Would early elections be a solution or is there any other way of diffusing social tension?
If you look ahead now what do you see – are we looking at three more years of a drawn-out crisis?
“To be frank – I don’t know. It is very difficult to say whether this is really necessary. In fact this country has a very good potential. There is no dire poverty, no really serious social problems as we can see in other countries, we have a high level of education –there are a lot of positive things that can help this country – a lot to build on. And to finish on a more optimistic note – I spoke in the last few weeks to people who have stopped to think about this situation and who are starting to be active. They are trying to go against people who are corrupt. We are organizing conferences and seminars in the academic sphere and there are now all kinds of initiatives to fight corruption.

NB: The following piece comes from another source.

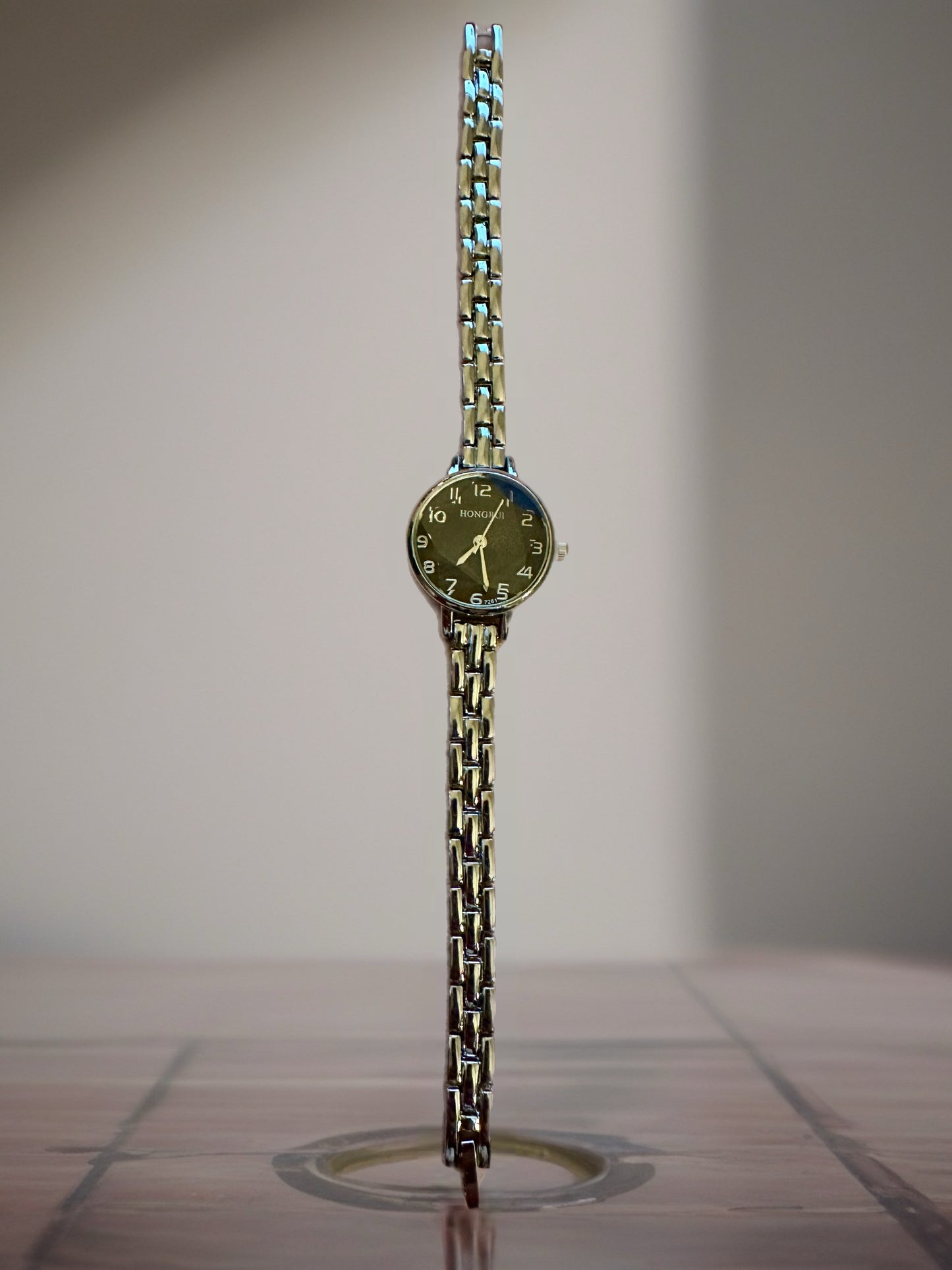Diamond Cut Elegance Watch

A lot of people in local politics have come out against corruption –some successfully, others less so – but the effort is there. So from this point of view I am optimistic because it seems to me that the public is really sending a message to the government and saying –no, we do not want this. And I do believe that among the politicians there are people who are honest and who would like to address the problem – so maybe if politicians built on these initiatives they may be able to break this vicious circle. I do not believe that everything can be done immediately and some level of corruption is present everywhere and people are not angels, but I hope that the growing public pressure can help to resolve the situation. “
“The Czech Republic has not been hurt so much, but again when I speak to investors –mainly from the Nordic states – they say that corruption and clientelism makes investors think twice about whether to come here or not. And obviously we are losing a lot of investments. There would be a much higher potential for investment if there was greater transparency in the working of the state. There was an interesting financial forum two days ago at which corruption was analyzed as an economic phenomenon and experts said yes, this is a big problem for the Czech Republic. But how do you find a solution? So I would say the impact on the economy has not been so negative for many reasons, but in order to boost the economy we need to change the working of the state.”